The government defended the restriction as protecting vulnerable persons, but that justification exposed a clear policy tension: how do you honor individual autonomy while drawing eligibility lines narrower than the Court's own standard? Parliament ordered an independent review of those hard cases, acknowledging the debate wasn't resolved. This tension between formal legal limits and established precedent mirrors broader constitutional debates, such as when the Twenty-second Amendment converted an informal two-term presidential tradition into enforceable law, demonstrating how codifying customary practice can introduce new eligibility disputes.
How Has the Law Around Medical Assistance in Dying Changed Since C-14?
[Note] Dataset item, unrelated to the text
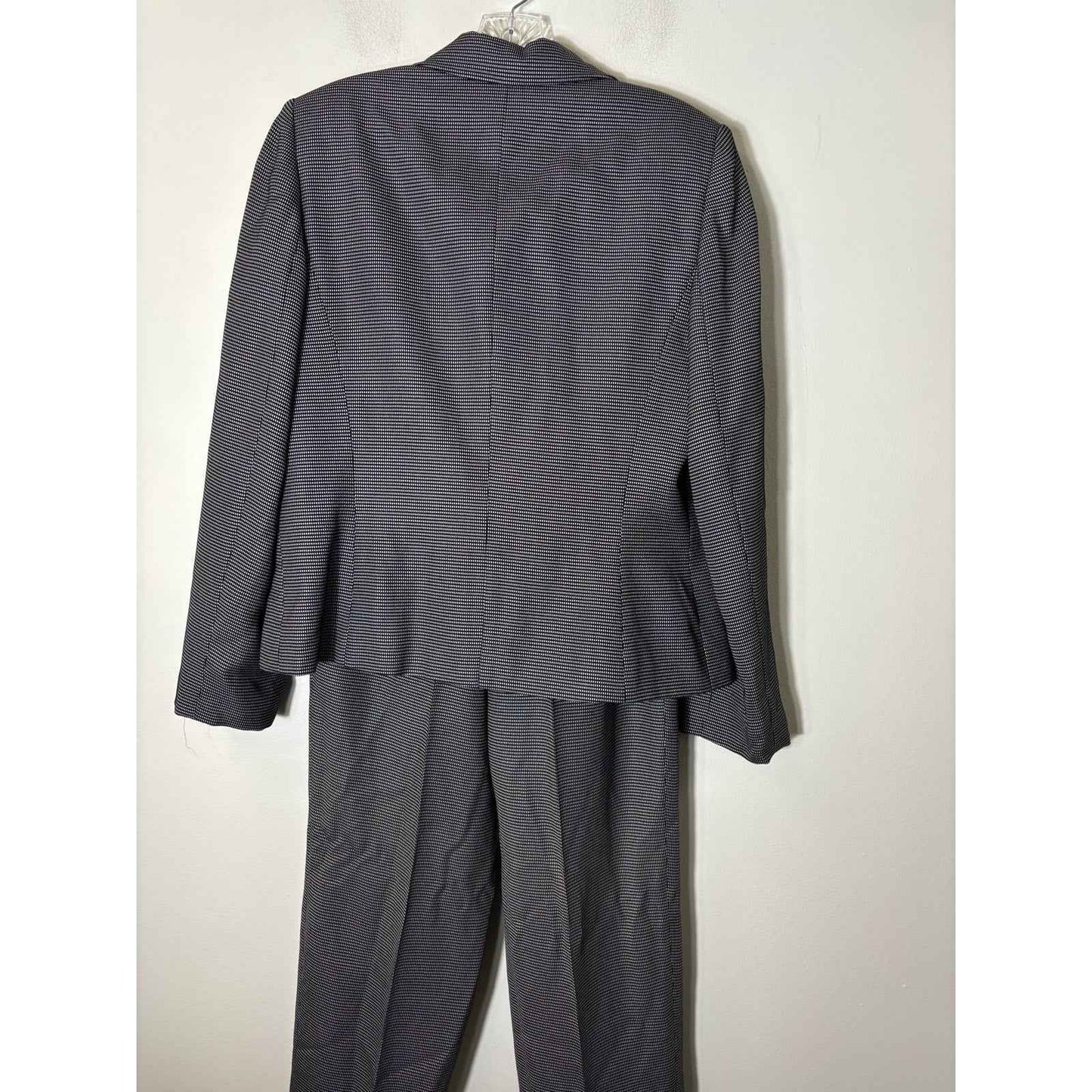 Travis Ayers Black/White Pant Suit Sz 10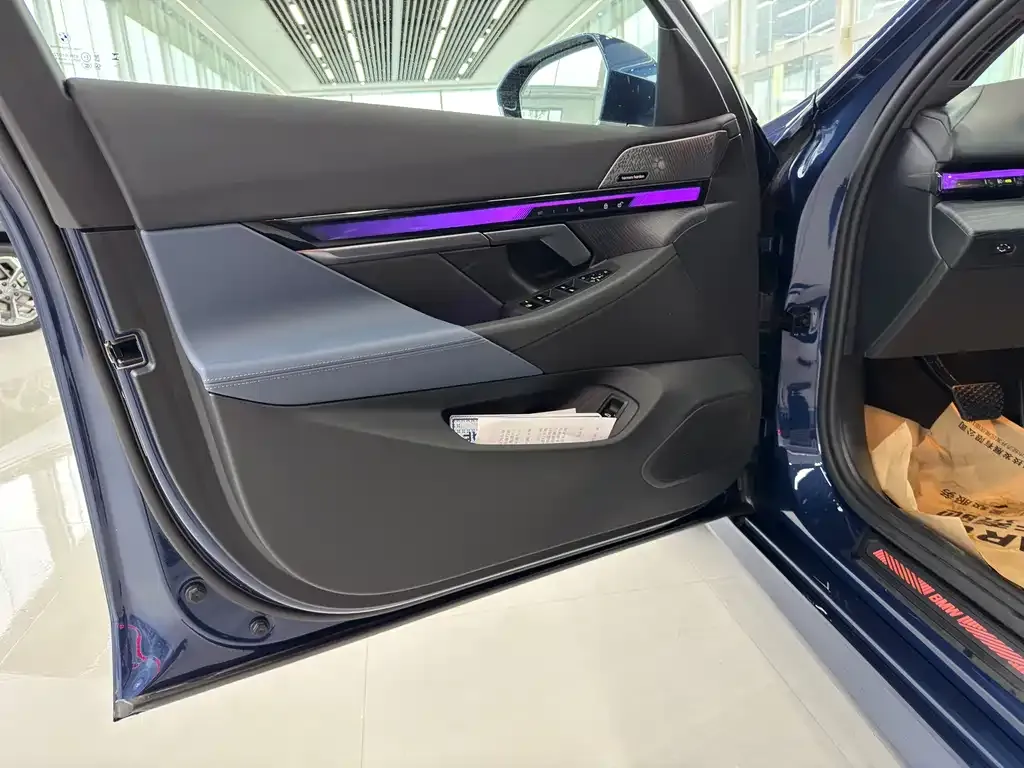 BMW i5 — фото 9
The debate Parliament acknowledged didn't stay theoretical — lawmakers revisited MAID's eligibility rules as court challenges mounted against C-14's "reasonably foreseeable death" requirement. Accessibility concerns and cross-jurisdictional comparisons with countries like Belgium and the Netherlands pushed Canada to expand the framework through Bill C-7 in 2021.
Here's what changed:
- The "reasonably foreseeable death" requirement was removed, broadening eligibility beyond terminal illness.
- Two separate procedural tracks were created — one for those whose natural death is foreseeable and one for those whose death isn't.
- Mental illness as a sole underlying condition remains under review, reflecting ongoing policy caution.
You can trace today's MAID debates directly back to the tensions C-14 first introduced in April 2016.